This series makes REQ_OP_WRITE_ZEROES the only zeroing offload
supported by the block layer, and switches existing implementations
of REQ_OP_DISCARD that correctly set discard_zeroes_data to it,
removes incorrect discard_zeroes_data, and also switches WRITE SAME
based zeroing in SCSI to this new method.

The series is against the block for-next tree.
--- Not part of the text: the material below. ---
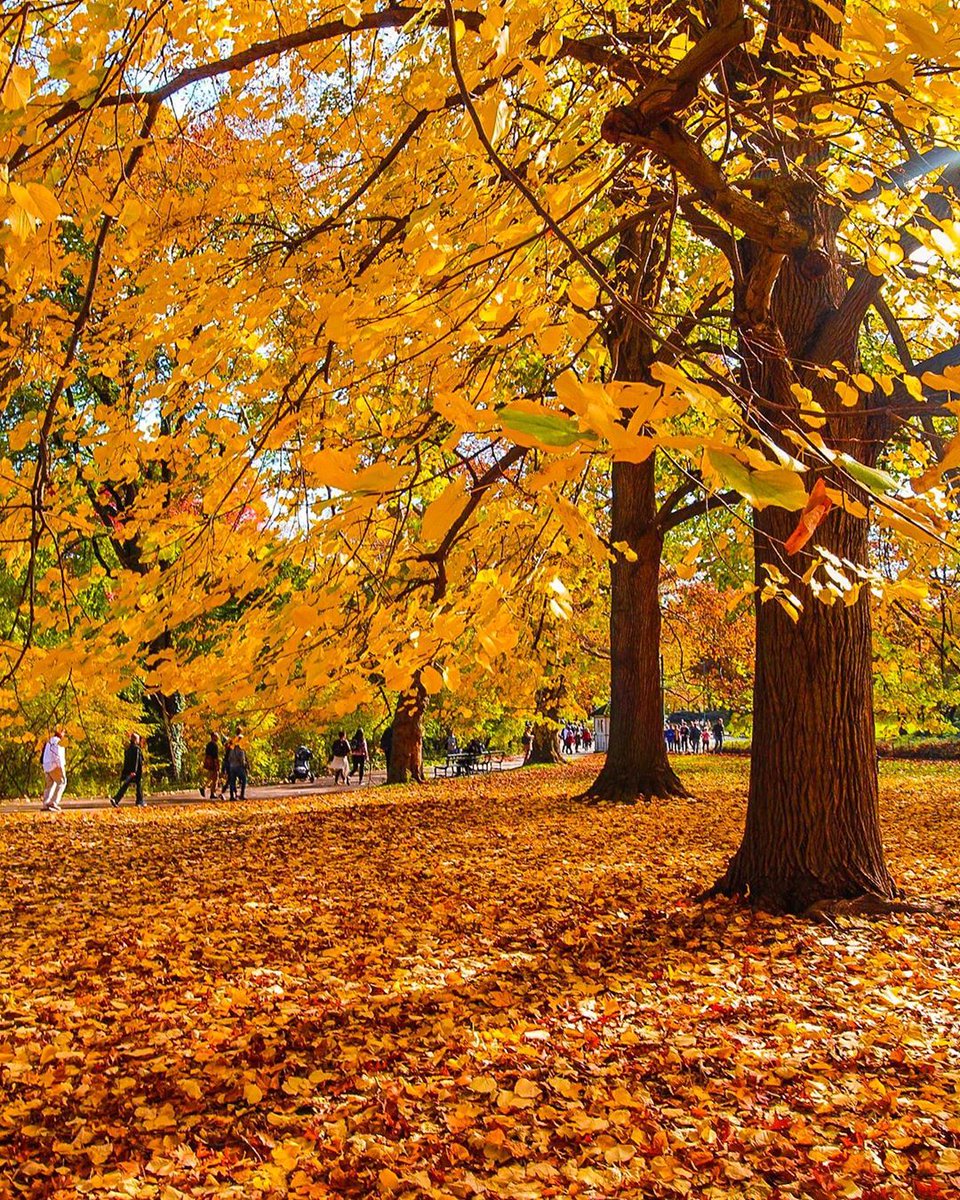 RachelChoFloral's tweet photo. Autumn leaves and pumpkins please. 🍂🧡 #Novembers in New York are truly quite memorable if you ask us! #FallInTheCity #NYC #Autumn https://t.co/CtRPM4WL3r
A git tree is also avaiable at:

    git://git.infradead.org/users/hch/block.git discard-rework.2

Gitweb:

    http://git.infradead.org/users/hch/block.git/shortlog/refs/heads/discard-rework.2

Changes since V2:
 - various spelling fixes
 - various reviews captured
 - two new patches from Martin at the end

^ permalink raw reply

* [PATCH 01/27] sd: split sd_setup_discard_cmnd
From: Christoph Hellwig @ 2017-04-05 17:20 UTC (permalink / raw)
  To: axboe, martin.petersen, agk, snitzer, shli, philipp.reisner,
	lars.ellenberg
  Cc: linux-block, linux-scsi, drbd-dev, dm-devel, linux-raid
In-Reply-To: <20170405172125.22600-1-hch@lst.de>

Split sd_setup_discard_cmnd into one function per provisioning type.  While
this creates some very slight duplication of boilerplate code it keeps the
code modular for additions of new provisioning types, and for reusing the
write same functions for the upcoming scsi implementation of the Write Zeroes
operation.

Signed-off-by: Christoph Hellwig <hch@lst.de>
Reviewed-by: Martin K. Petersen <martin.petersen@oracle.com>
Reviewed-by: Hannes Reinecke <hare@suse.com>
---
 drivers/scsi/sd.c | 153 ++++++++++++++++++++++++++++++------------------------
 1 file changed, 84 insertions(+), 69 deletions(-)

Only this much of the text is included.